> DATASET SECTION:
----------------

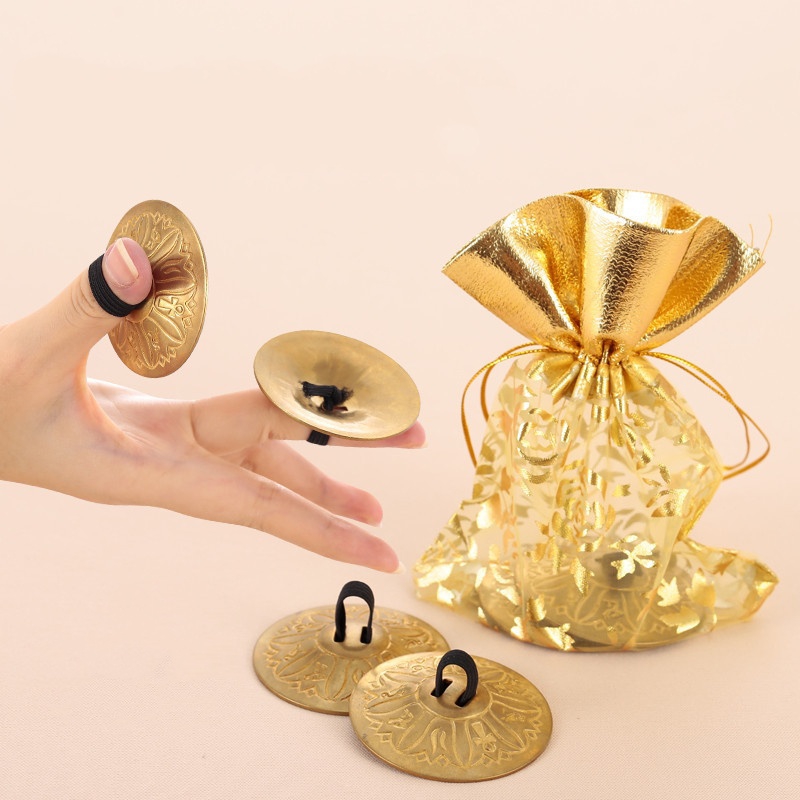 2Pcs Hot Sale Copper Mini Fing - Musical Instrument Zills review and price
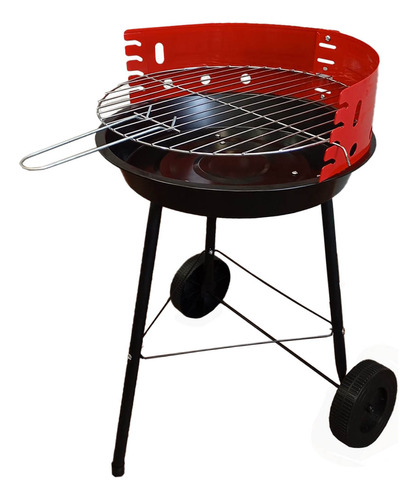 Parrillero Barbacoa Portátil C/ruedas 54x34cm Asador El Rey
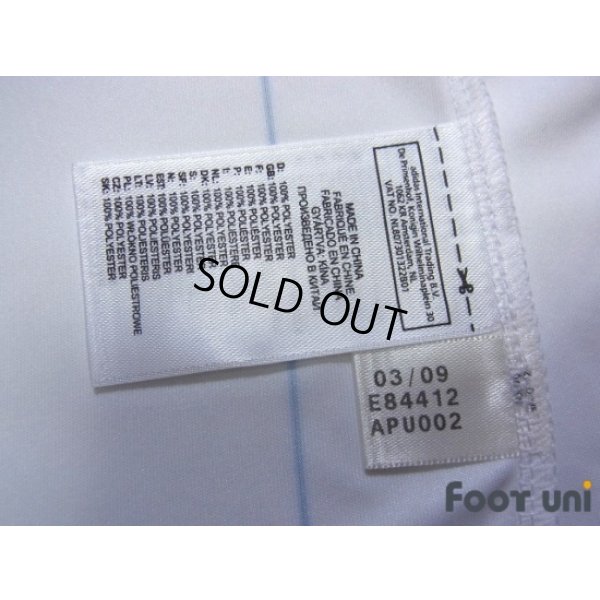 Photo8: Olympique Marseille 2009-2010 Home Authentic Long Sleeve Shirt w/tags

----------------

> TASK TO COMPLETE: Give all the lines above again, character for character, without pictures.

> TASK OUTPUT:
 2Pcs Hot Sale Copper Mini Fing - Musical Instrument Zills review and price
 Parrillero Barbacoa Portátil C/ruedas 54x34cm Asador El Rey
 Photo8: Olympique Marseille 2009-2010 Home Authentic Long Sleeve Shirt w/tags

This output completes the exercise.